Don’t leave this vague in the purchase agreement. Spell out:
- whether sales tax applies to any transferred assets,
- who is responsible for filing and paying,
- what exemption forms or permits will be used (if applicable).
Texas franchise tax and “final” filings, don’t forget the cleanup work
Texas franchise tax is a business-level tax tied to revenue and margin calculations, not personal income. Many smaller entities fall under no-tax-due thresholds, but reporting still matters.
Rates vary, and for entities above certain thresholds you’ll often hear 0.331% for retail/wholesale and 0.75% for other businesses (based on current Texas rules and thresholds). Your CPA will confirm what applies to your entity and year.
Also, timing can be tricky. Texas franchise tax reports are typically due May 15 each year (for example, the 2026 report is due May 15, 2026). If you sell mid-year, you may have “final” reports, ownership change filings, or entity closure steps depending on what you’re selling.
Coordinate early on what happens after closing: does the entity dissolve, stay active for a while, or remain in place because you did an equity sale?
Legal guardrails that keep the deal clean and protect your payout
Taxes decide what you keep. Legal terms decide whether you actually get to keep it.
Most seller pain comes from three spots: loose LOI terms, missing consents, and over-promising in reps and warranties. The buyer isn’t wrong to ask questions, but you need the deal documents to match reality.
LOI and due diligence, what to lock down before the buyer digs in
An LOI is meant to set the business terms, but some parts can be binding. Confidentiality often is. Exclusivity often is too, meaning you pause talks with other buyers for a set period. Cost language matters as well, because due diligence bills add up fast.

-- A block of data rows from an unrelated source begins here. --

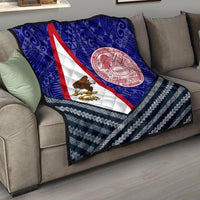 American Samoa Polynesian Premium Quilt - American Samoa Flag And Blue - Polynesian Pride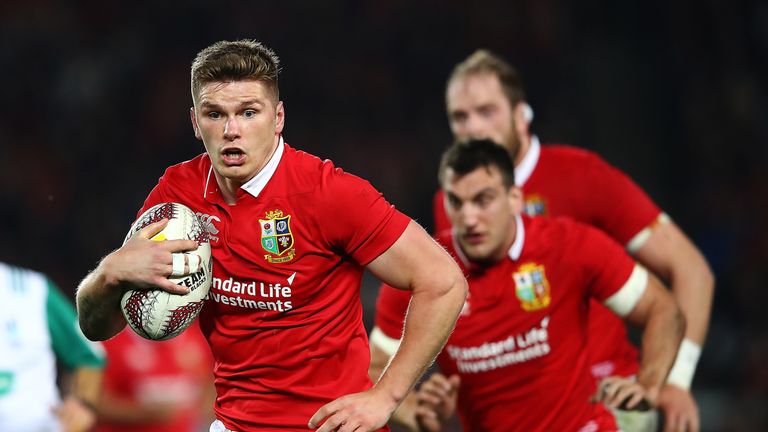 Owen Farrell breaks for the Lions during the third test against the All Blacks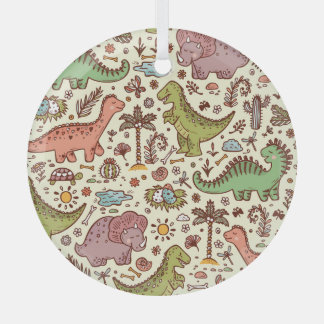 Schattigee Cartoon Dinosaurus Patroon Glas Ornament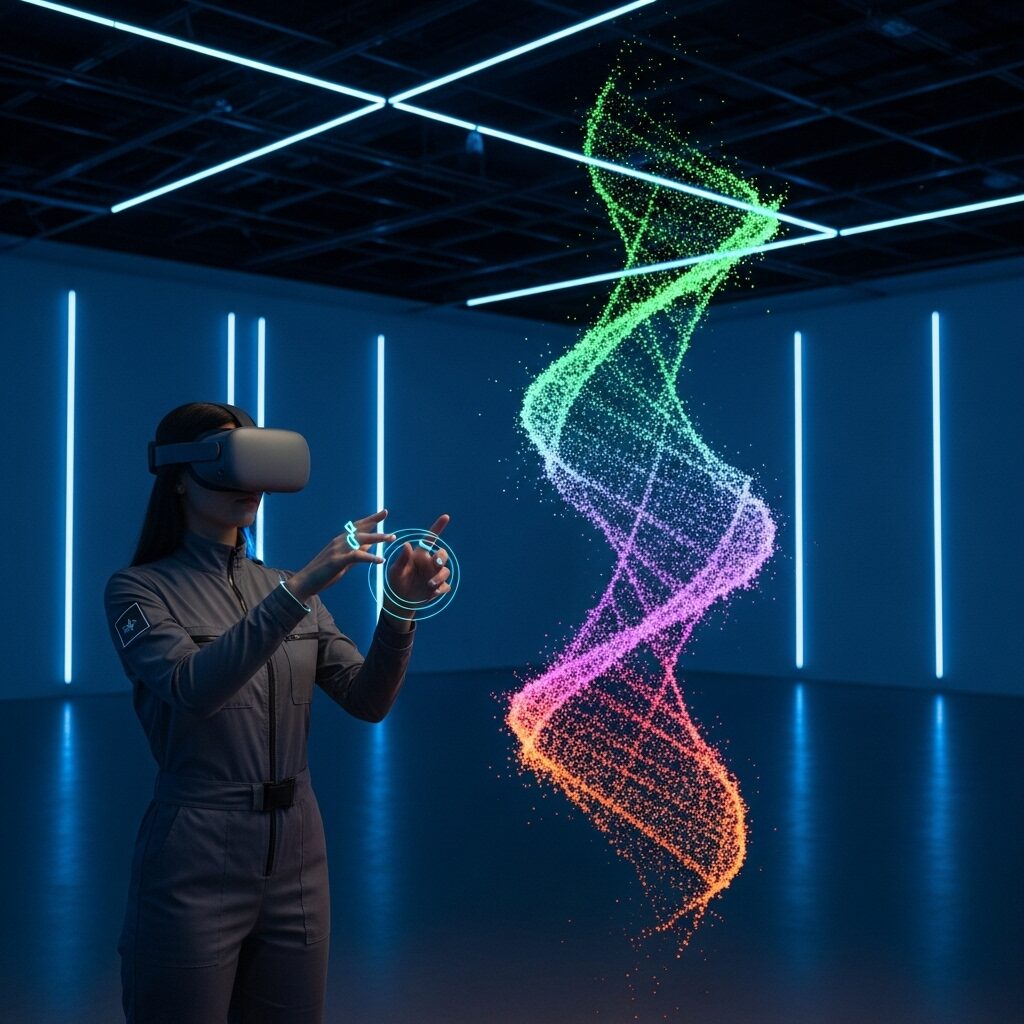 A person using a VR headset to interact with a digital sculpture in a futuristic art gallery.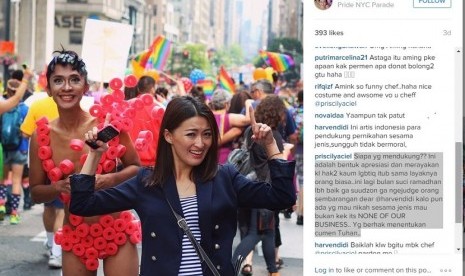 Foto yang memperlihatkan Chef Priscil dan Aming dalam 'Gay Parade' di Amerika Serikat, 29 Juni lalu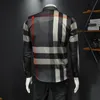 Casual shirts heren heren heren met lange mouwen mode check patroon geruite print mannen slank fit shirt hoogwaardige trendy shirt 230322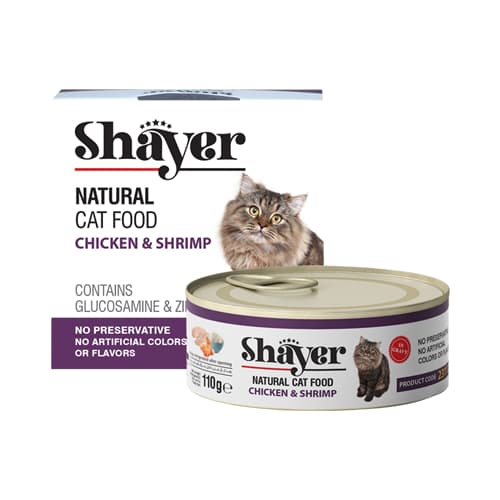 کنسرو گربه بالغ نچرال شایر مرغ و میگو Shayer وزن 110 گرم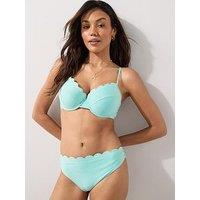 The Very Collection Stripe Scalloped Underwired Bikini Top - Green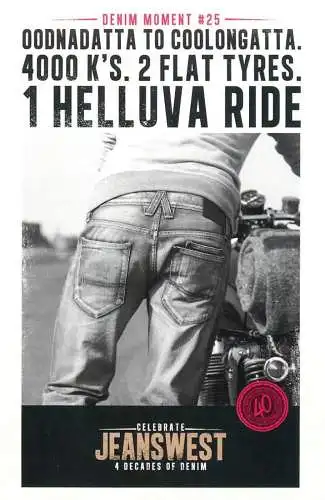 Advertising postcard Jeans West denim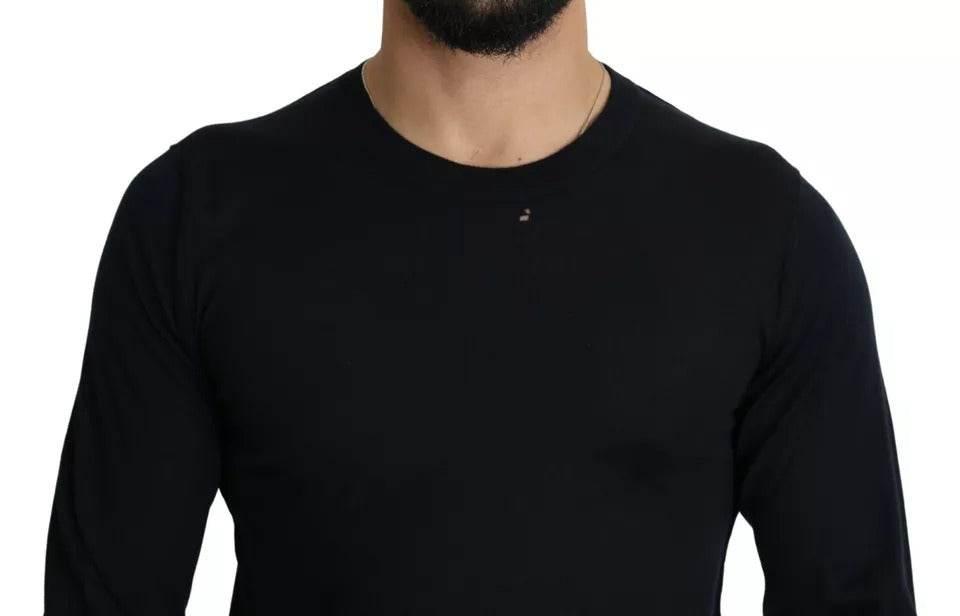 Dolce & Gabbana Black Cashmere Crew Neck Sweatshirt Sweater - Hilstor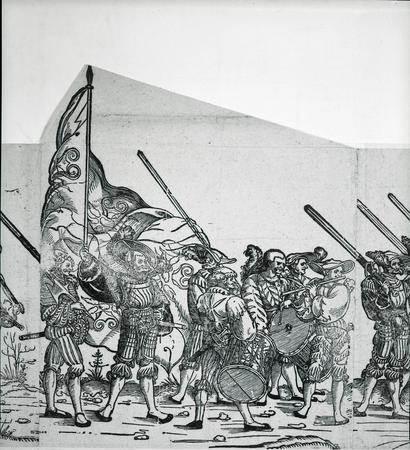 Museum detail: standard-bearer and accompanying soldiers (sheet 6)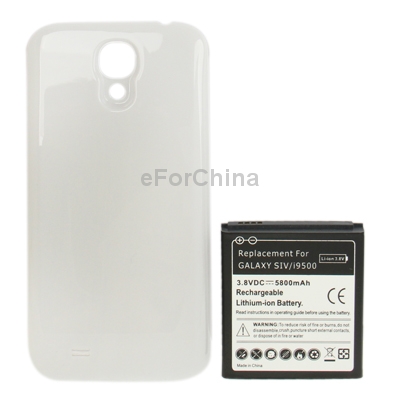 5800mAh Replacement Mobile Phone Battery Cover Back Door for Samsung Galaxy S IV i9500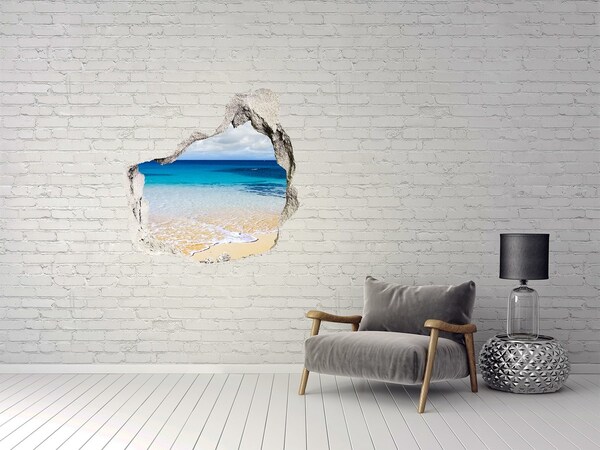 Sticker mural effet trou Mer calme grès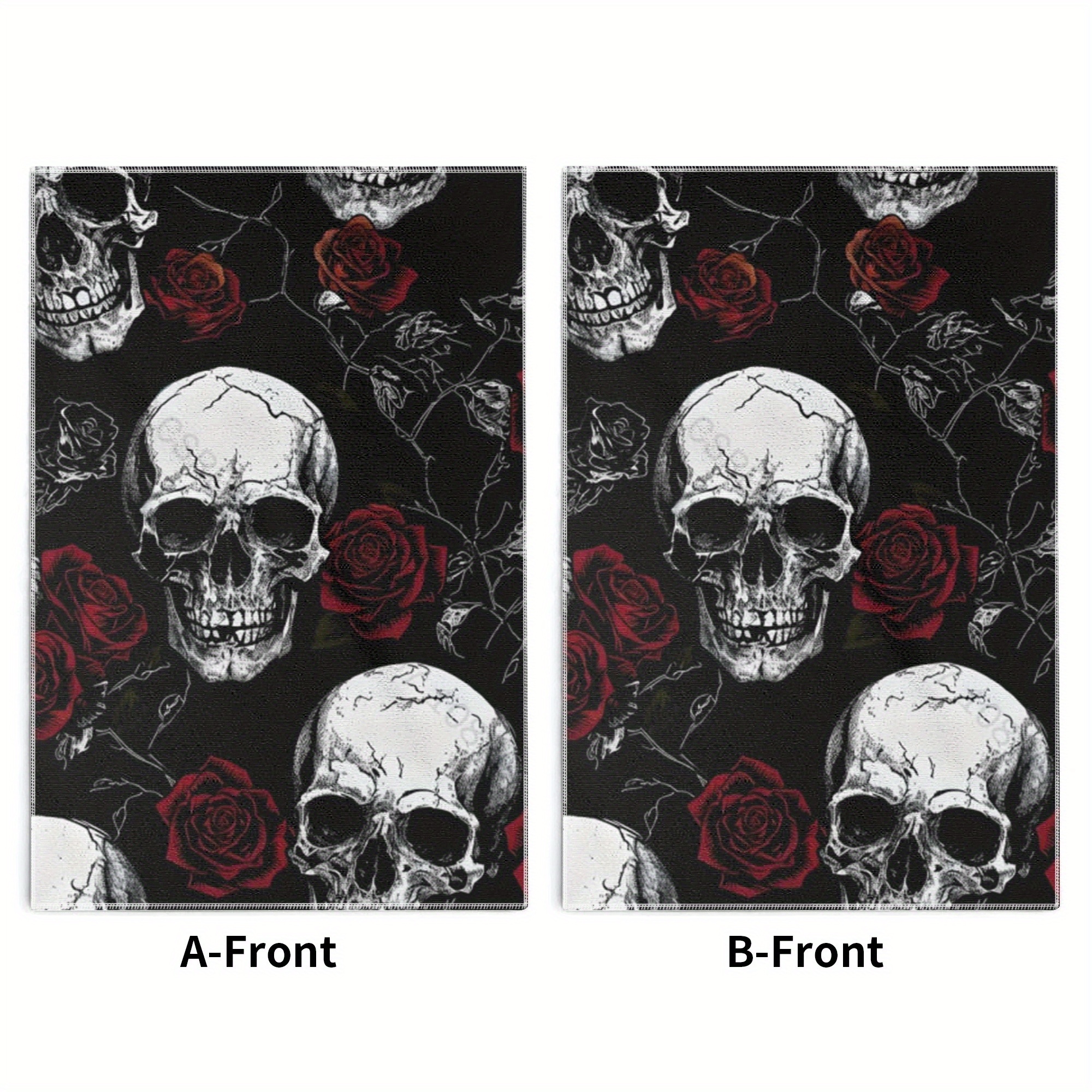 

2-piece Set Of Halloween-themed Kitchen Towels: Spooky And Red Roses, Perfect For Fall Decorating - Hand Wash Only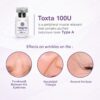 Toxta 100 Units box panel with peripheral muscle relaxant description and treatment area diagram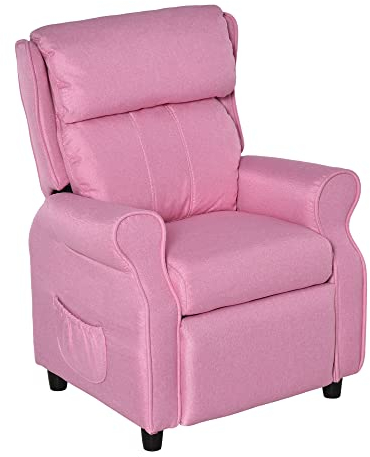 HOMCOM Kindersofa Kindersessel mit Fußstütze Armlehne verstellbare Rückenlehne Relaxsessel Kindercouch Stuhl Liegecouch Kinder Sofa für 3-5 Jahre Jungen und Mädchen Rosa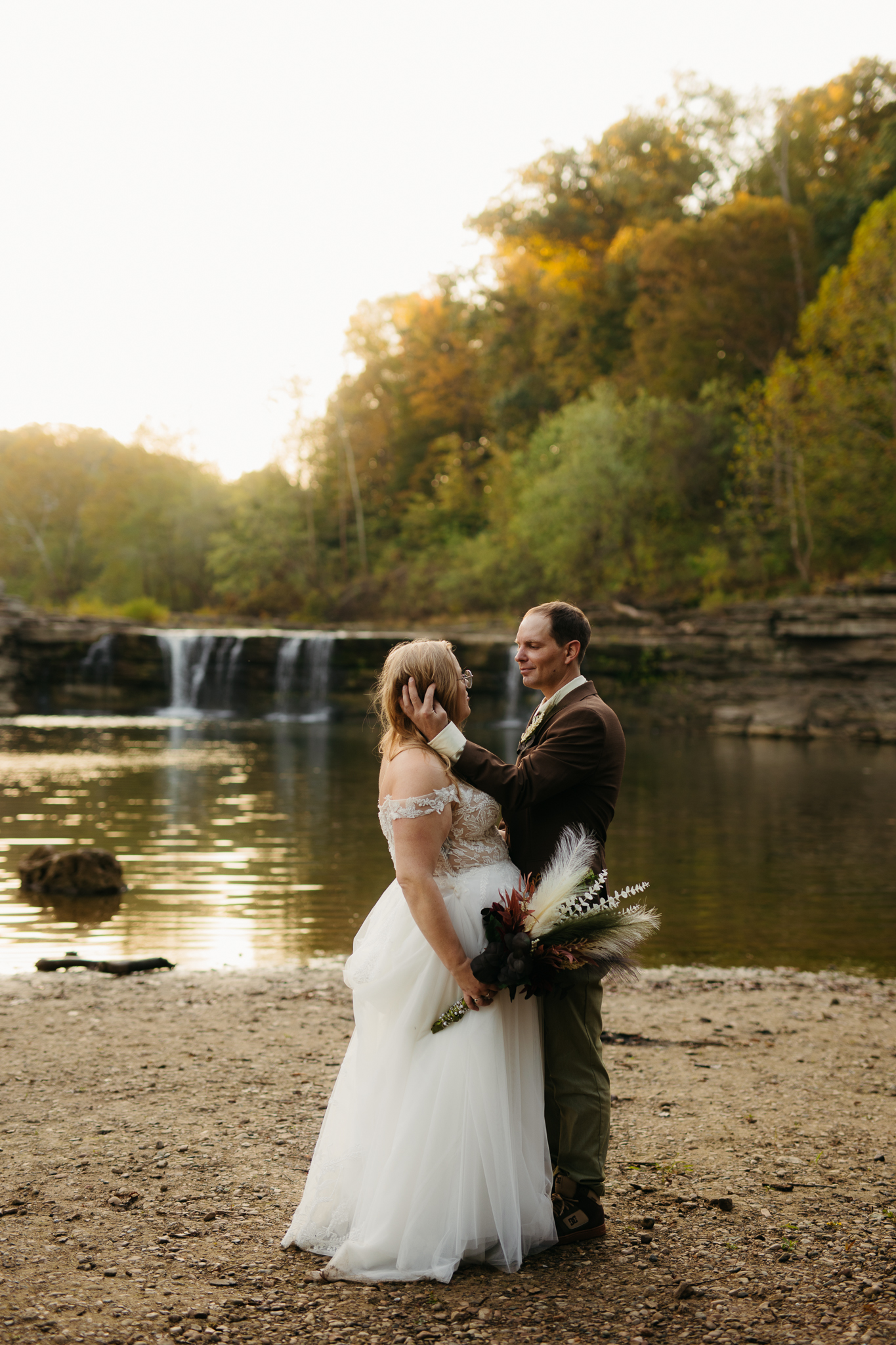 The Prettiest Indiana Cataract Falls Elopement at Sunrise 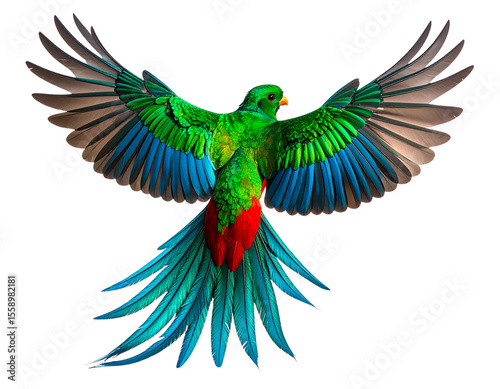 Top View of Resplendent Quetzal in Flight with Wings Fully Spread, isolated on transparent background PNG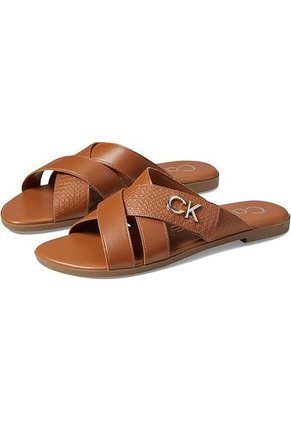 Sandalias Chocolate Con Monograma Metálico Calvin Klein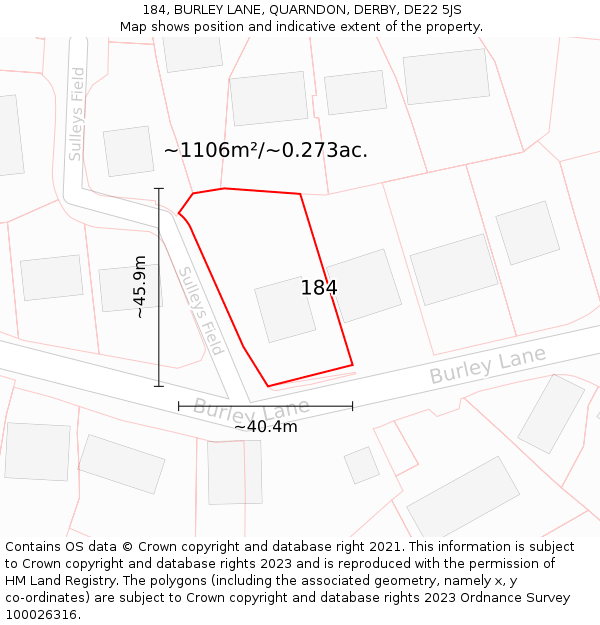 184, BURLEY LANE, QUARNDON, DERBY, DE22 5JS: Plot and title map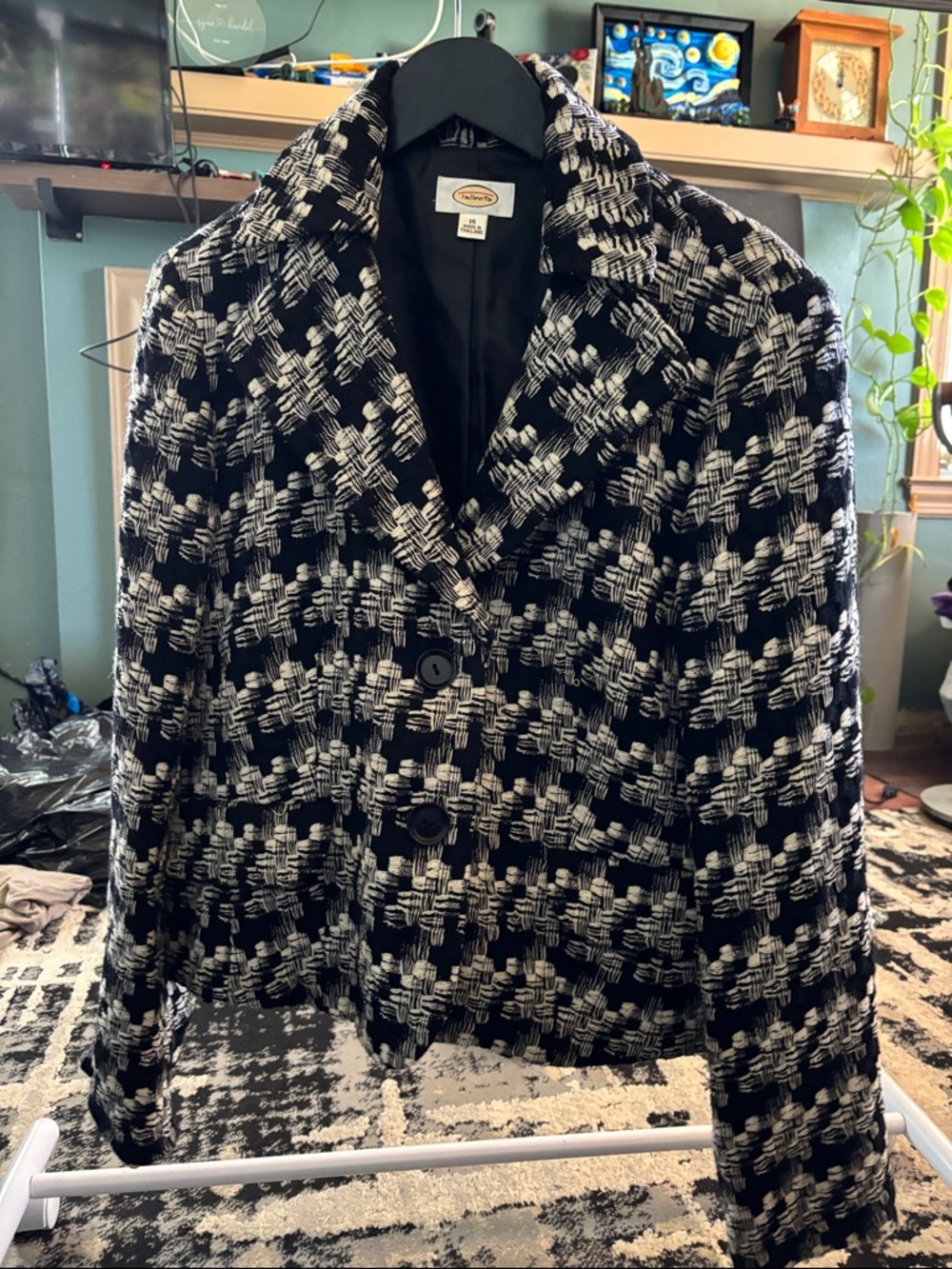 Pendleton Black & White Textured Tweed Blazer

Deal timelines vary, yet many transactions land in a rough 60 to 150-day range from LOI to close, depending on complexity and lender steps.
Before diligence starts, build a simple folder with the items buyers always request: recent financials, tax returns, lease documents, key customer and vendor agreements, employee info, licenses, insurance, and any claims history. When your records are organized, you control the pace.
Non-competes, contract transfers, and liability language that sellers overlook
Texas will enforce non-competes in many sale situations when they protect a real business interest and stay reasonable in time, geography, and scope. Keep them tied to what you actually sold. If you ran a local service company, a statewide, multi-year ban may be a fight.
Asset deals often require assignments of contracts, and assignments may need third-party consent. Landlords, major customers, and vendors can slow a closing if you surprise them late.
Then there’s the payout protection language. Reps and warranties are your promises about the business. Indemnity is how you pay the buyer back if those promises are wrong. Watch caps, baskets, survival periods, and escrow or holdback terms.
Match your legal promises to what your books and records can prove. If you can’t support it, don’t promise it.
Conclusion
When you Sell a Business in Texas, the “no state income tax” headline is only part of the story. First, choose the right structure early because it drives both taxes and liability. Next, get organized on the tax mechanics that tend to hit at closing, especially allocation, possible Texas sales tax on tangible assets, and franchise tax filings. Finally, use strong documents so your payout isn’t chipped away later through escrows and indemnity claims.
Before you sign an LOI, do three things: talk with a Texas M&A attorney, meet with a CPA who handles transactions, and loop in a broker who can help you manage structure and terms. A little planning upfront protects your net proceeds and your peace of mind.